Setelah termenung dan berpikir sejenak akhirnya perempuan dalam tandu itu
berseru, "Hentikan tandu!"
Begitu tandu diturunkan, tampak tirai tersingkap dan berkelebat sesosok
bayangan kuning.
Seorang perempuan cantik berbaju kuning yang memiliki kematangan seorang
wanita telah muncul di depan mata.
Menyaksikan kecantikan wajah perempuan itu. Siang Ci-liong sekalian
seketika merasakan hatinya berdebar keras, tanpa terasa paras muka mereka
pun berubah jadi merah.
Siang Ci-ing sendiri meski tahu perempuan itu adalah seorang wanita jalang,
tak urung dia merasa kagum juga.
Khususnya tubuh perempuan yang begitu matang, bahenol dan
mengggiurkan, tanpa terasa memaksanya untuk memperhatikan lebih lama.
Cau-ji pun seketika terangsang birahinya, tapi ia segera mengendalikan
pikiran itu dan tertawa tergelak.
"Hahaha, sungguh cantik! Dibandingkan Cin Se-si, kecantikanmu masih satu
tingkat di atasnya. Kau seharusnya kupanggil Cau Se-si!"
"Aah, nama itu kurang sedap didengar, aku bernama Ni Cin-bi!"
"Ooh, Ni Cin-bi" Maaf, maaf!"
Sambil berkata, dengan langkah lebar ia berjalan mendekat.
Ni Cin-bi sendiri segera merentangkan sepasang tangannya seolah siap
memeluknya, sementara tubuhnya melangkah mendekat.
Ketika jarak kedua orang itu tinggal beberapa langkah, tiba-tiba dia
mengayunkan tangan kanannya, segulung pasir berwarna merah segera
ditimpukkan ke wajah Cau-ji.
"Blaaaam!", tubuh Cau-ji seketika jatuh telentang ke tanah.

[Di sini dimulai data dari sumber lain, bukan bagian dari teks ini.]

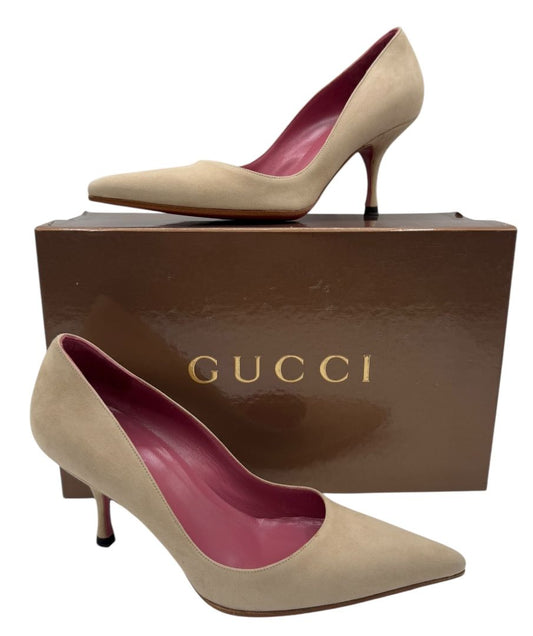 Gucci Nude Suede Kitten Heel Pumps – Size 6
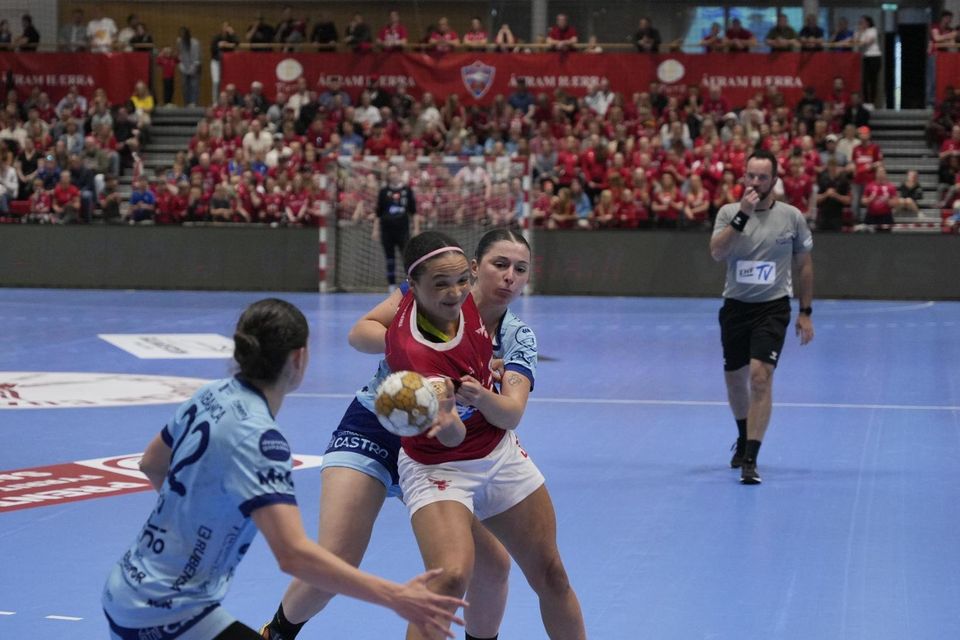 Lovísa Thompson í baráttunni í dag.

Siang Ci-liong sekalian menjerit kaget. Sebaliknya Ni Cin-bi tertawa cekikikan,
serunya, "Orang she Gi, akan kuhisap sarimu hingga kering!"
Sembari berkata dia membungkukkan badan dan siap memeluk tubuhnya.
Pada saat itulah tiba-tiba tampak Cau-ji mengayunkan tangan kanannya
melancarkan sebuah bacokan, sementara tangan kirinya menjotos.
Peristiwa ini sama sekali di luar dugaan Ni Cin-bi, tidak disangka lawannya
sama sekali tak mempan terhadap bubuk pemabuk 'dewa roboh' miliknya.
Tak ampun dadanya langsung terhajar pukulan itu secara telak.
Terdengar perempuan itu menjerit kesakitan, baru saja akan melarikan diri,
pukulan tangan kiri Cau-ji kembali bersarang di punggungnya.
Seketika itu juga tubuhnya hancur berantakan dan menyebar ke arah empat
perempuan cantik serta kesebelas orang kakek berbaju hitam itu.
Buru-buru mereka mengayunkan tangannya menepis hancuran daging dan
darah, kemudian serentak memandang ke arah Cau-ji dengan mata terbelalak.
"Bagaimana?" ejek Cau-ji sembari membersihkan tubuhnya dari debu,
"apakah kalian pun ingin menjadi gilingan daging cacah?"
Kelima orang kakek itu membentak keras, dengan cepat mereka menyebar ke
empat penjuru dan mulai berlarian mengelilingi tubuh Cau-ji.
Sambil berputar kencang, kelima orang itu melancarkan serangan secara
bergantian. Tiba-tiba terdengar Siang Ci-ing berteriak memperingatkan, "Gi-tayhiap, hatihati
dengan barisan Ngo-heng-tin mereka!"
"Hahaha, terima kasih."
Sembari berkata dia mulai melancarkan serangan dahsyat.
"Blaaammm......."
Benturan keras bergema susul menyusul, tampak kelima orang kakek itu
mendengus tertahan sambil mundur dari posisi semula.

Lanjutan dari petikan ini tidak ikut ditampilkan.